D: La tradizione occidentale del viaggio dell’eroe propone un punto di vista unico e lineare, quello di un protagonista che affronta delle prove e raggiunge un obiettivo finale. Nei tuoi romanzi, invece, questa struttura viene decostruita per lasciare spazio alla polifonia. Quanto è importante per te sostituire l’eroe con una moltitudine?

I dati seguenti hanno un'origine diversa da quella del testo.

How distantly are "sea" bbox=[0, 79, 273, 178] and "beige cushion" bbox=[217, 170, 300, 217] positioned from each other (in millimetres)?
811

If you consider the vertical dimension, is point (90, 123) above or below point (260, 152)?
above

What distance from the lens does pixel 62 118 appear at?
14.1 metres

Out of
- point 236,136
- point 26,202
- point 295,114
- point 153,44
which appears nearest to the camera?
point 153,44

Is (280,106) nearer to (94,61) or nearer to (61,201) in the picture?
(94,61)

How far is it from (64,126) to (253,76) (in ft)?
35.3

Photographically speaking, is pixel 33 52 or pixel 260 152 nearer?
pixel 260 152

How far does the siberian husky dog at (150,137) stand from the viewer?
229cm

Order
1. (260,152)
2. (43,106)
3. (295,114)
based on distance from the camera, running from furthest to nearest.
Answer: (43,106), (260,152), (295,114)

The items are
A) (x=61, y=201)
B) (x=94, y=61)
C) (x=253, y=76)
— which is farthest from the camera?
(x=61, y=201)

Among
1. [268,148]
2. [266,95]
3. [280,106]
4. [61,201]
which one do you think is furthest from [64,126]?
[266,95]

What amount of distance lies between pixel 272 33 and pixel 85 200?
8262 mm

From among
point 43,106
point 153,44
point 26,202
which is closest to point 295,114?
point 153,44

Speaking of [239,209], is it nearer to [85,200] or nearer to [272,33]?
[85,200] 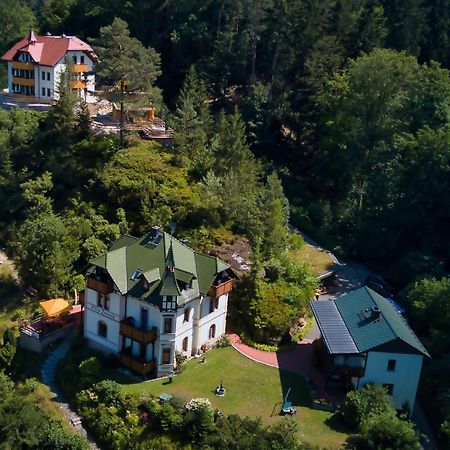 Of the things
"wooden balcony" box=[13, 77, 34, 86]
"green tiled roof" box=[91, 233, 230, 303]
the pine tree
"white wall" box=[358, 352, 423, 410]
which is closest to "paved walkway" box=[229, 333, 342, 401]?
Answer: "white wall" box=[358, 352, 423, 410]

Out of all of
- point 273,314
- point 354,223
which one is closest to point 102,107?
point 354,223

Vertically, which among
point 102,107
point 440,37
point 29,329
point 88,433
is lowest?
point 88,433

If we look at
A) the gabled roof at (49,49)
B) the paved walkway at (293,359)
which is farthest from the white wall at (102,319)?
the gabled roof at (49,49)

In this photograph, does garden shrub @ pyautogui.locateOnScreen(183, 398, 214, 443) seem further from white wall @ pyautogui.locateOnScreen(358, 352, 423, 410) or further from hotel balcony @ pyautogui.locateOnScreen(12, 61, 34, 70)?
hotel balcony @ pyautogui.locateOnScreen(12, 61, 34, 70)

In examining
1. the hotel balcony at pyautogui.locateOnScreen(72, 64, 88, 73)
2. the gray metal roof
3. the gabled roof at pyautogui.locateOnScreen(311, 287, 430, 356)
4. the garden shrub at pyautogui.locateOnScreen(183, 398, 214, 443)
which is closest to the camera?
the garden shrub at pyautogui.locateOnScreen(183, 398, 214, 443)

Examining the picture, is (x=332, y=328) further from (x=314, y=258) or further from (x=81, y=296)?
(x=81, y=296)

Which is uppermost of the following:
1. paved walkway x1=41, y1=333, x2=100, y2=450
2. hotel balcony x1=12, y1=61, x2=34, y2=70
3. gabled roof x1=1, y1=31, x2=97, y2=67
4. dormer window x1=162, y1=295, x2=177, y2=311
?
gabled roof x1=1, y1=31, x2=97, y2=67

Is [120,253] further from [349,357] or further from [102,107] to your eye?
[102,107] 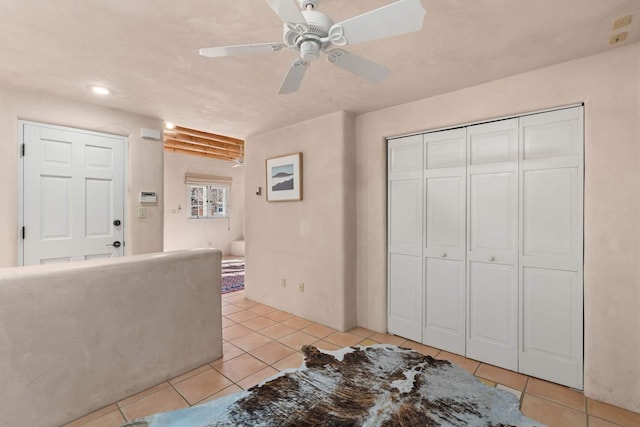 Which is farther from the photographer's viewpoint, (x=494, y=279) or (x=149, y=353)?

R: Per me è molto interessante riflettere sulla narrazione e sulle storie e pormi delle domande al riguardo, non intenderle come qualcosa di neutro, ma comprendere che queste contengono una voce, una prospettiva, dei preconcetti, delle idee, delle intenzioni e giocarci, invece di dimenticarli o di fingere che non esistano. Così, ogni romanzo per me è un’esplorazione del modo in cui si possono raccontare le storie. È un’indagine su come funziona la narrazione e su quale potere abbia. Cosa c’è se si guarda dietro l’arazzo? Direi che questo è principalmente ciò che continuo a fare. In ogni libro, in ogni romanzo, cerco di capire, di giocare, di vedere quali opzioni, quali possibilità mi offra la narrazione.

D: In un’intervista precedente, hai menzionato il fatto che ci sono cose che ereditiamo senza poterle scegliere. Qual è però un’idea, un modo di pensare, o una convinzione che sei grata di avere ereditato?

R: Le storie, credo che le storie siano una cosa bellissima che ho ereditato, o almeno l’interesse per le storie e per il raccontare storie. Ne sono molto grata. E non solo alle storie in sé ma anche alla volontà o all’interesse di rifletterci e di guardarci dentro, di cercare di capire che cosa dicono di me, di noi e del mondo. Penso di essere molto grata di tutto questo. E trovo che questa domanda fosse molto bella. Grazie.